Jacob and I had heard of all the statistics.  We knew several stories of loss.  But knowing the possibilities, and experiencing the physical and emotional pain are two very different things.

At the beginning of August, I was exhausted, food was gross, and I could literally smell the water in my shower.  I took a pregnancy test.  It was positive.

We told our parents immediately, partly to share in joy and excitement, and partly because we aren't 26, and we don't have our own insurance plan.

We bought baby things and maternity things.  We discussed names.  We had so many plans.

At one of our appointments, we saw our baby via ultrasound.  The heartbeat was strong and fast.  We were more excited than ever.

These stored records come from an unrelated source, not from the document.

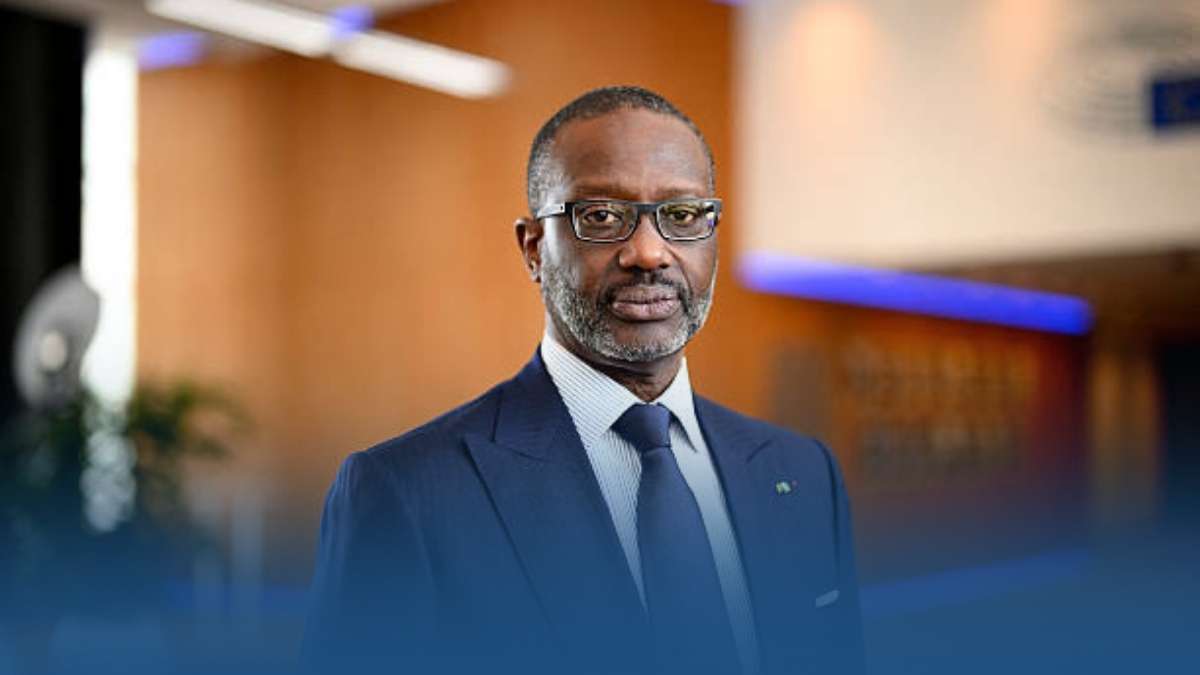 Côte d’Ivoire Tidjane Thiam défie sa radiation et dépose sa candidature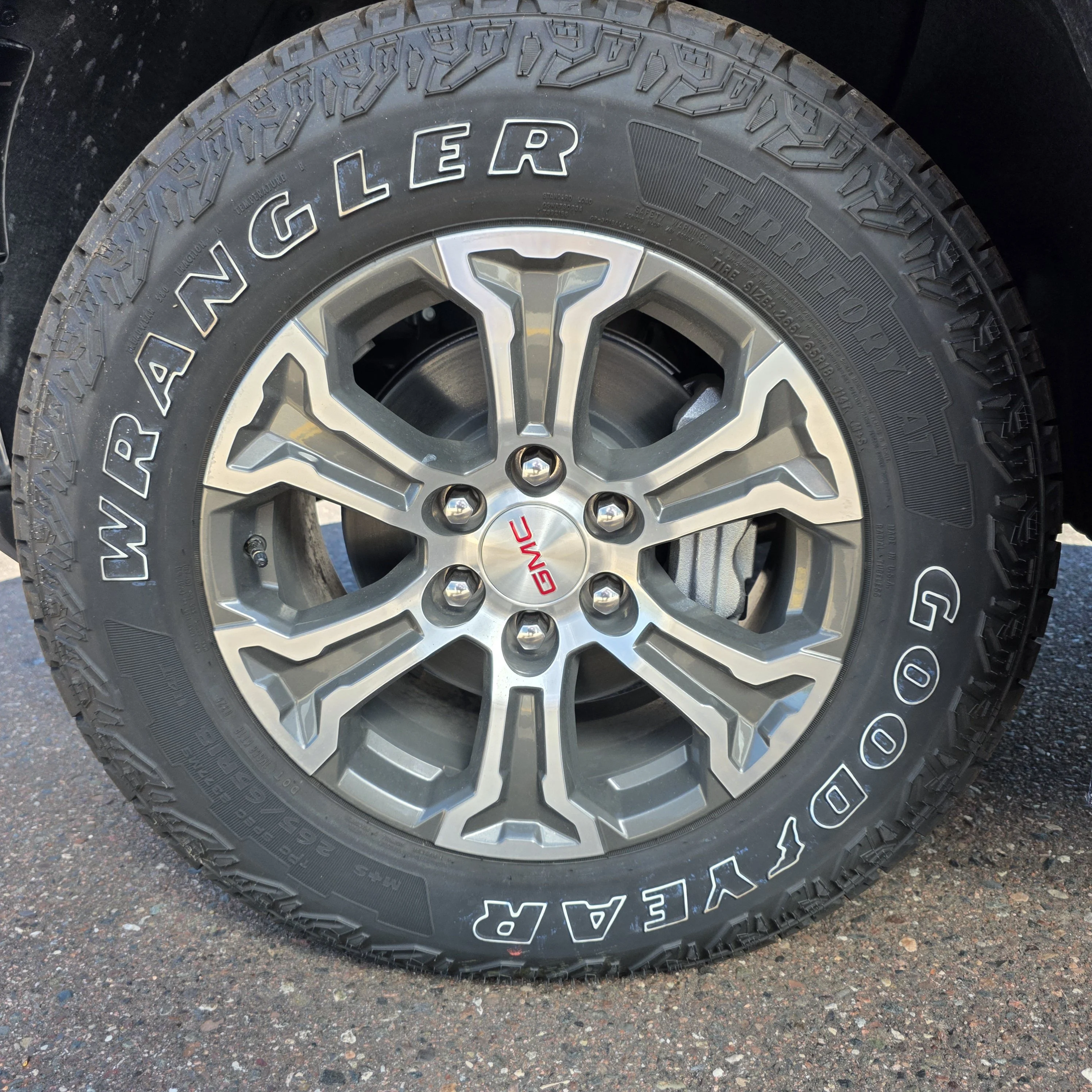 2026 GMC Sierra 1500 SLE - Photo 8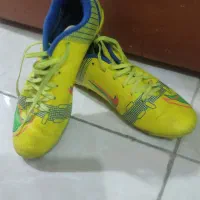 کفش فوتبال سایز 37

One month later we went in for another routine appointment.  Everything was great.  We had plans to meet a friend for pizza afterwards. We had all the plans in the world.

Our baby had no heartbeat.

My precious, loved baby had died.  They did an ultrasound to be sure.  I stayed pretty emotionless at the doctor's office.  Jacob almost passed out.  The doctor told us it wasn't our fault.  The ultrasound tech, who knew who we were, gave me a hug and told us she would be praying.  We went home, numb.

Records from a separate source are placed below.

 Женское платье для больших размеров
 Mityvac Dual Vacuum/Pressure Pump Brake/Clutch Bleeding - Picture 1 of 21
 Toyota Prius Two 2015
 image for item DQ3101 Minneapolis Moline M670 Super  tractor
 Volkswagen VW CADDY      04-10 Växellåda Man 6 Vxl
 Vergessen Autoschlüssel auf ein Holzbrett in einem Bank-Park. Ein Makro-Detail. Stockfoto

I decided to wait and have a natural miscarriage.  I started bleeding about a week and a half later.  I was bleeding and cramping heavily by Saturday.  Jacob had some unchangeable commitments, and a dear friend came over and watched Friends with me, comforting me as I went through the day.  Jacob was home again for the worst of it.  I bled for two more weeks.  Through it all I didn't miss a single day of school, a single youth group event.  I pushed on.

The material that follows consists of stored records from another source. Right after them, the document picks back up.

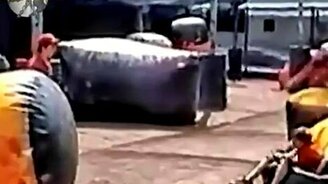 Жалко, что перелетел - смотреть видео (0:18)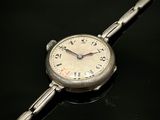 une montre en argent avec des chiffres romains sur un cadran noir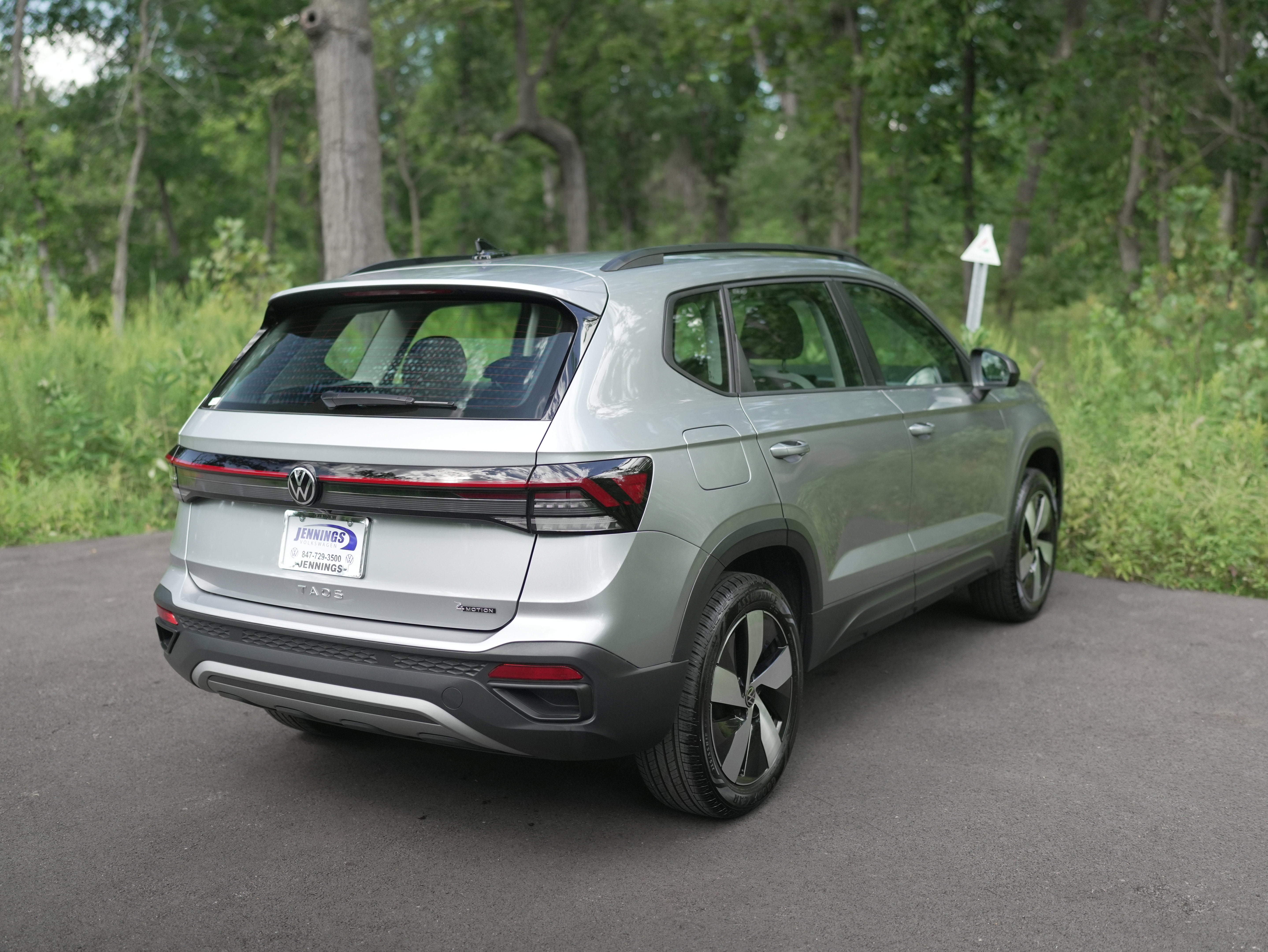 2025 Volkswagen Taos S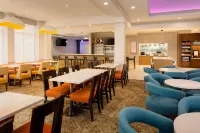 Hilton Garden Inn Cincinnati Blue Ash - breakfast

A few weeks later, Jacob and I were visiting a church.  The pastor preached on Proverbs 19:21: "Many are the plans in a person's heart, but it is the Lord's purpose that prevails" (NIV).

I don't remember anything else about that sermon.  I simply remember the verse.  We had had so many plans.

I don't think God wanted our baby to die.  I believe that comes from the sin and the pain and hurt that comes from the fall.  I do think that no matter what plans Jacob and I make, and through the pain that we have dealt with, through the redeeming work of Christ, the glory of the Lord will prevail.

My baby is an important part of my life, and always will be.  I have a plaque of Proverbs 19:21 in my kitchen.  I have a figurine of two parents and a baby next to my bed.  Jacob and I had a special dinner date on my due date.  So far today I've cried four times.

But no matter how broken my heart is, no matter how emotional I may get, no matter how long it is before we're able to have another baby, the Lord's purpose will prevail.

I have two tattoos.  I got my first in college. It says "beloved" and comes from Deuteronomy 33:12 "Let the beloved of the Lord rest secure in Him" (NIV).  Jacob and I both got baby feet on our arms in October.  We want to always remember our precious little one, in the arms of our faithful savior.

We are the beloved of the Lord.  We are secure in His arms.  And in His arms I seek comfort.  In His arms I find rest and peace.

This Mother's Day is so hard for me.  I know it is hard for so many others.  I pray that those struggling with the pain of loss, infertility, or for those just tired of waiting, to find their rest, peace, and comfort in the Lord.  Because that's the only place it will truly come from.